Ebbers also said that over 40% of the company’s business originates from US-based companies, and with the acquisition, it can increase the support of its US-based customers. To boost its US presence, Symeres already acquired Organix, based in Woburn, MA, earlier this year.
The deal is expected to close in a few weeks, according to Ebbers.
After capping an expansion in North Carolina, Cambrex is moving its focus to the Midwest part of the US.
The company announced that it is investing $16.5 million in two projects in Iowa and Minnesota. First, the company is planning to create a 21,000-square-foot R&D facility in Minneapolis. This will expand the capacity for small molecule development and manufacturing. The site will be near the Minneapolis-St. Paul airport and will conduct analytical and chemical development for drug candidates. The site will also act as an extension of Cambrex’s facility in Charles City, Iowa. The project is expected to add around 40 jobs in Minneapolis over the next two to three years.
At the same time in Charles City, Cambrex is launching a 9,000-square-foot expansion and a 21,000-square-foot renovation project at the API manufacturing site. The Charles City expansion will add a new QC laboratory and office space, as well as add 40 jobs. The project will also “modernize” the AC and R&D facilities as well.
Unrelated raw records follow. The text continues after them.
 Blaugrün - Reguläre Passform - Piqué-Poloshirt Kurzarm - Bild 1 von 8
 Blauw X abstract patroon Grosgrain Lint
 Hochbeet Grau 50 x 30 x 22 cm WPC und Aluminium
The Iowa Economic Development Authority (IEDA) has also awarded the company tax benefits and $300,000 in direct financial assistance in support of the project.
“Our new facility in Minneapolis will double our analytical and chemical development footprint in the Midwest, providing clients with easy access to state-of-the-art capabilities and top scientific experts. We continue to invest in our U.S.-based footprint to support the demand for high-quality API development and manufacturing,” said Thomas Loewald, CEO of Cambrex, in a
statement
.
ABL, a French CDMO, has entered a strategic partnership with another French CDMO, RD-Biotech. The partnership will provide GMP manufacturing for cell and gene therapies.
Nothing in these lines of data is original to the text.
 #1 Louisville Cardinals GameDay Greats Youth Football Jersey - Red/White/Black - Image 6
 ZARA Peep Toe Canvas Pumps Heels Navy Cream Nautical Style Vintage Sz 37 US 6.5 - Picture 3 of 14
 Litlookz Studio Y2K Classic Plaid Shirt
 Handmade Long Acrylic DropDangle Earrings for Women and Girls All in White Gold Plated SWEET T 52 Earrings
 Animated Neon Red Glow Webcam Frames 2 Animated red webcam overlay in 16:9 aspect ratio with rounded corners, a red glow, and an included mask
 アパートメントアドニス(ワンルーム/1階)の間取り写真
The deal will see RD’s manufacturing services combined with ABL’s production of viral vectors to provide end-to-end services for cell and gene therapy companies. The agreement will allow customers to have the option to use each company as a single supplier and work with each CDMO independently.
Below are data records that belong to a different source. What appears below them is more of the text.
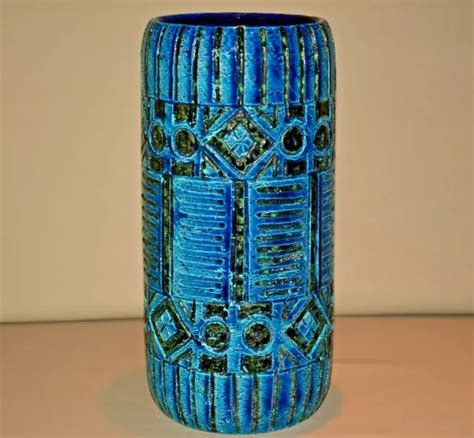 ALDO LONDI ORIGINAL Vintage Bitossi Raymor Blue Porcelain Tall Vase Plant Stand $1,746.50 - PicClick
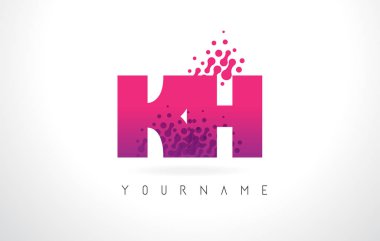 Pembe mor renk ve parçacıklar KH K H harfi logolu Des nokta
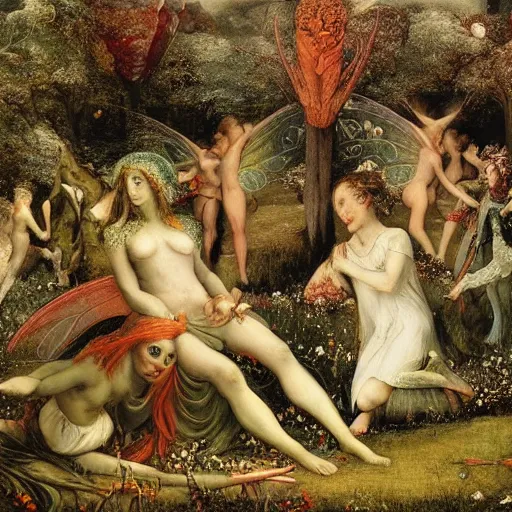 Prompt: fairy meadow by Richard Dadd, British fairy painting, exquisite, highly detailed, Henry Fuseli, William Blake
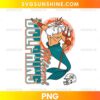 Miami Dolphins King Triton Miami PNG featuring a sea king holding a trident with Miami typography and football-inspired colors.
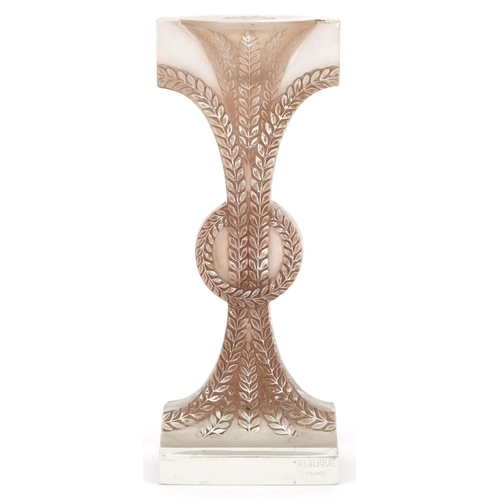  A René Lalique pink frosted glass candle stick, Rameaux circa 1934, signed to base, H-20cm.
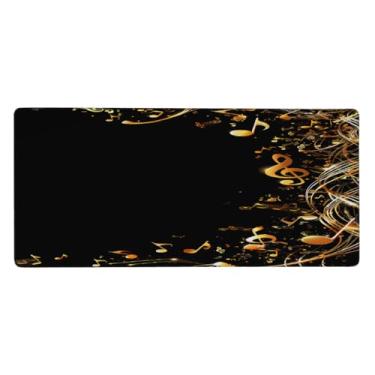 Imagem de Tapete de rato com notas grandes, música fixe, impermeável, para computador, estendido, tapete protetor de mesa, base de borracha antiderrapante, tapete de rato para escritório, computador, teclado
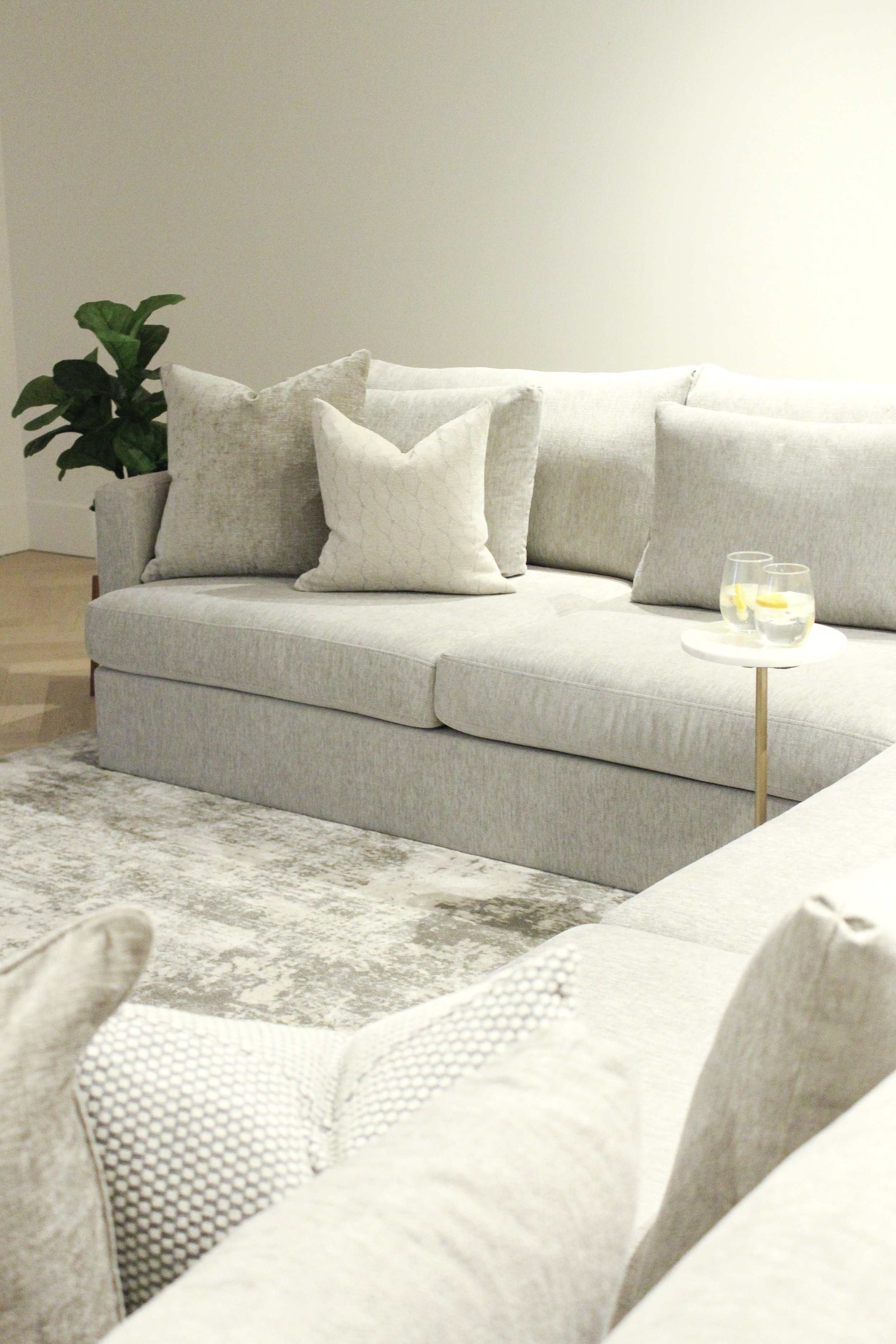 A living room with a light-colored sofa, multiple throw pillows, a side table with glasses of water and lemon, a beige rug, and a green plant in the corner.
“ABL’s partnership with RD-Biotech is a major step forward in enabling our company to roll out our ‘Gene to Cell’ strategy, aimed at offering all-in-one services to our customers whatever their needs are in Adeno Associated Virus-based (AAV) and lentivirus GMP manufacturing,” said Thierry Van Nieuwenhove, CEO of ABL, in a statement.
The move comes as RD is planning to open a new facility next year to manufacture plasmid DNA and ABL is producing an “in-house AAV platform” along with opening a new facility to produce gene therapies.
Landmark Bio has opened a new biomanufacturing facility in Watertown, MA.
The 44,000-square-foot facility will test and manufacture cell and gene therapies made by the company and has eight cleanrooms to produce cell therapies, viral vectors, mRNA and lipid nanoparticles. It also has an area for fill-and-finish operations and QC testing.
The facility will also provide services such as drug development, regulatory counseling and other support services. It also has around 60 staff members at present and will look to grow to 100 over the coming years.
“Landmark Bio is a unique venture bringing together the best of academia, industry, and research hospitals to translate groundbreaking research into life-changing therapies,” said Ran Zheng, Landmark Bio’s CEO, in a
statement
.
Mylan Institutional is pulling its octreotide acetate injection, in 500ml dosage, off the shelves.
The
recall
is being issued, according to the FDA, due to a “product complaint” of glass particles in a syringe. The drug was made by Italfarmaco SpA, Italy, and was distributed by Mylan Institutional LLC in the US between Jan. 11 and June 21 of this year.
The drug is used to reduce blood levels of growth hormone and insulin growth in acromegaly patients as well as treat patients with metastatic carcinoid tumors in certain cases.
While the presence of glass in an intravenous drug can lead to several issues, including irritation, swelling, allergic reactions and microvascular obstructions, the FDA has so far not received any reports of “adverse reactions” for the recalled drugs.
The FDA is encouraging wholesalers and retailers to examine inventory to see if the drug lot is in stock or has been distributed.